Halimi Zuhdy*)
Ada sebuah pertanyaan mendasar dari pesta meriah yang diadakan di south Africa atau mungkin pertanyaan ini juga bisa tertujukan pada pesta-pesta sepak bola di seluruh dunia. Pertanyaan yang cukup mendasar itu didasarkan pada istilah filsafat : ontologi, epistimologi dan aksiologi, karena istilah ini sering dijadikan patokan untuk mengetahui sebuah hakekat keberadaan sesuatu yang kemudian memunculkan manfaat yang berdampak pada manusia, sehingga tidak ada pekerjaan sia-sia yang dilakukan, karena asas keindahan yang hakiki adalah apabila manusia selalu berasaskan manfaat baik pada diri sendiri dan orang lain, dan keberadaannya di dunia atau diciptakan Tuhan di dunia memang bukan hanya untuk sesuatu yang hampa tetapi untuk sebuah misi dan kebaikan alam seisinya (rahmatan lil’alamin). Dan pada akhirnya, adalah sebuah keterbudakan diri pada Sang Pencipta, dari keterbudakan itu ia akan selalu menjadikan semuanya yang ia lakukan adalah hanya untuk Sang Pencipta (muklisin), kalau hanya untukNya tidak akan pernah menyimpang, karena Sang Pencipta tidak pernah mengarahkan manusia untuk menyimpang apalagi berbuat kerusakan baik diri, orang lain atau lingkungan.
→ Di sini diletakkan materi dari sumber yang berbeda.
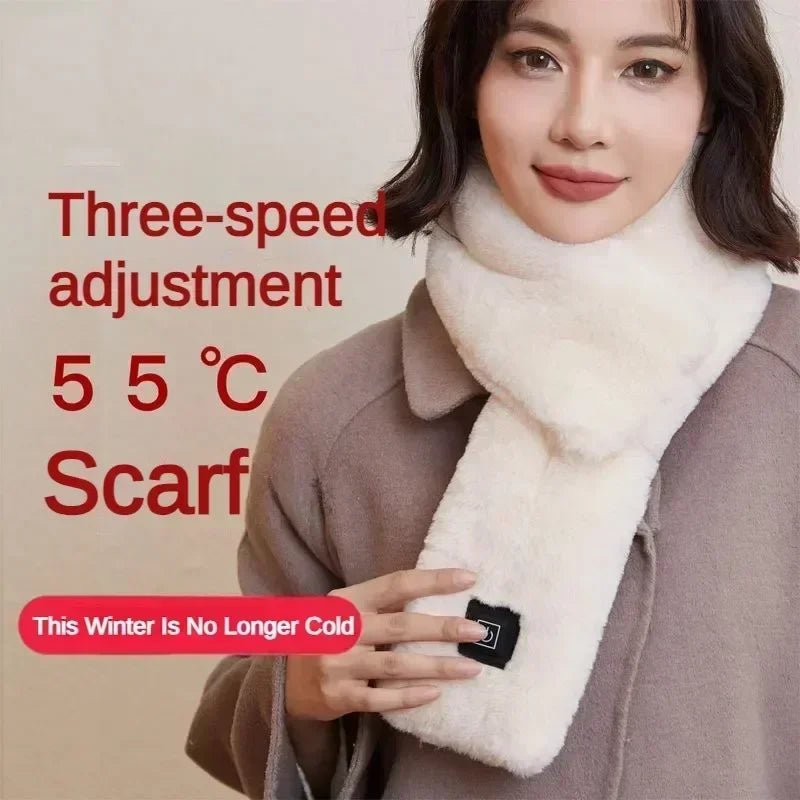 Calentador de Cuello Eléctrico Recargable por USB – Bufanda Térmica con 3 Niveles de Calor para Hombre y Mujer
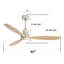 Ventilateur de plafond intérieur à profil bas de 52 pouces avec ensemble d'éclairage et télécommande pour salon-1479808986-1479808984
Mari kita mulai dengan pertanyaan-pertanyaan itu dengan apa (ontologi), apa sebenarnya (hakekat) sepak bola (football ), dalam istilah Indonesia, sepak kita artikan dengan menendang, memukul, melempar. Sedangkan bola adalah benda yang bulat yang terbuat dari bahan-bahan tertentu plastic, karet, dll. Sepak bola adalah menendang benda bulat, atau sepak bola adalah sebuah permainan yang dilakukan oleh tim kesebalasan dengan aturan-aturan lapangan sepak bola, Bola Sepak bola, Jumlah Pemain, Peralatan Pemain, Wasit, Asisten wasit, Lama Permainan, Memulai dan Memulai Kembali Permainan, Bola Keluar dan di Dalam Lapangan, Cara Mendapatkan Angka, Offside, Pelanggaran, Tendangan Bebas, Tendangan penalti, Lemparan Dalam, Tendangan Gawang, Tendangan. Dari kelengkapan tadi dapat difalsafahkan dalam bagaimana dalam kehidupan bernegaran dan berbudaya. Di sana ada “Tujuan permainan” yaitu dua tim yang masing-masing terdiri dari 11 orang bertarung untuk memasukkan sebuah bola bundar ke gawang lawan (“mencetak gol”). Tim yang mencetak lebih banyak gol adalah sang pemenang (biasanya dalam jangka waktu 90 menit, tetapi ada cara lainnya untuk menentukan pemenang jika hasilnya seri). akan diadakan pertambahan waktu 2x 15 menit dan apabila dalam pertambahan waktu hasilnya masih seri akan diadakan adu penalty yang setiap timnya akan diberikan lima kali kesempatan untuk menendang bola ke arah gawang dari titik penalty yang berada di dalam daerah kiper hingga hasilnya bisa ditentukan. Peraturan terpenting dalam mencapai tujuan ini adalah para pemain (kecuali penjaga gawang) tidak boleh menyentuh bola dengan tangan mereka selauma masih dalam permainan. Dan Sepak bola bukan lagi sebuah istilah menendang bola, tapi sudah berubah dari makna awalnya dan menjadi sebuah permainan yang sistematis.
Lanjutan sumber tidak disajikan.